#### [To do]
Extract, exactly and without pictures, every line from the one that includes "After that, you" through the final line of the material below.

#### [Information supplied]
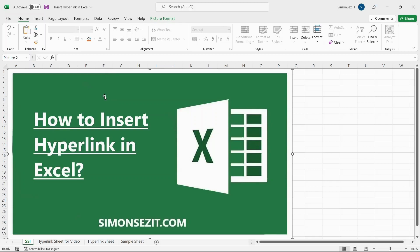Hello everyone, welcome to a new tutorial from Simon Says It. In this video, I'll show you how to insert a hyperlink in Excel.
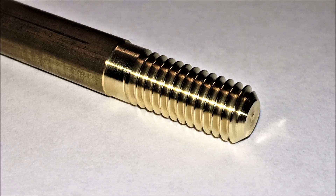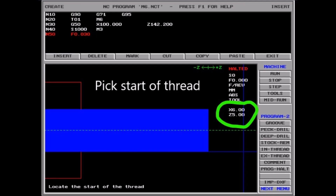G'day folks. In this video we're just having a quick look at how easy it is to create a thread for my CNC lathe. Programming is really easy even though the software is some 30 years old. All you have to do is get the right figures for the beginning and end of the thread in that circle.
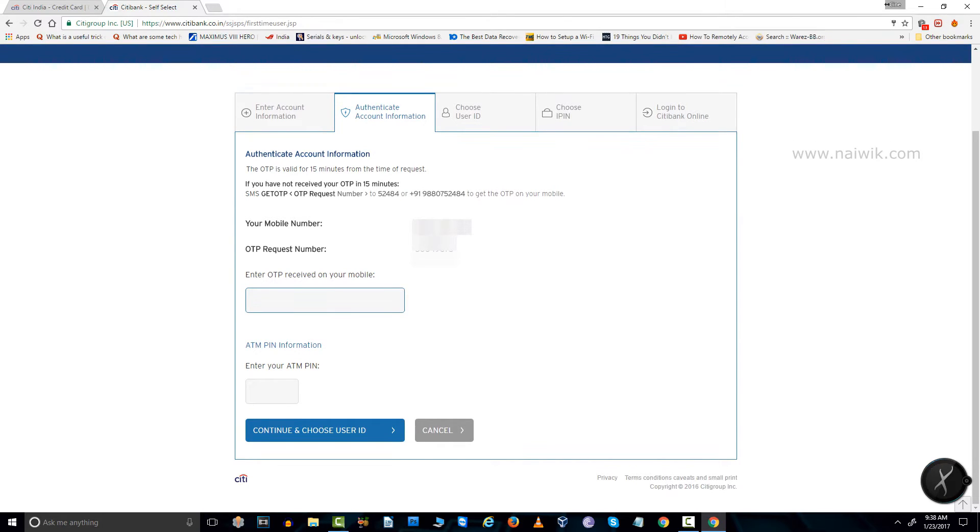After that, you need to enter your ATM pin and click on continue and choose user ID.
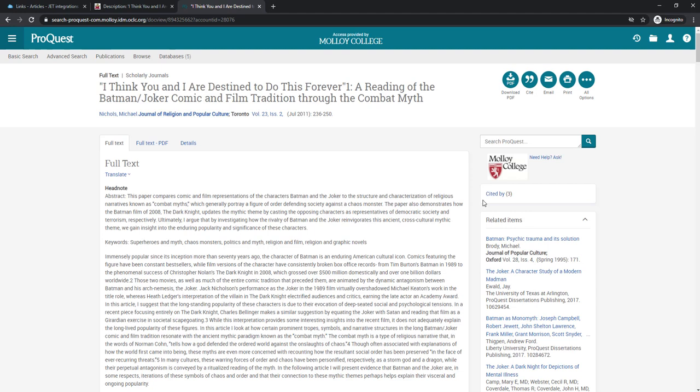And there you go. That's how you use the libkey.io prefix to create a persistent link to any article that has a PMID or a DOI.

#### [Solution below]
After that, you need to enter your ATM pin and click on continue and choose user ID.
And there you go. That's how you use the libkey.io prefix to create a persistent link to any article that has a PMID or a DOI.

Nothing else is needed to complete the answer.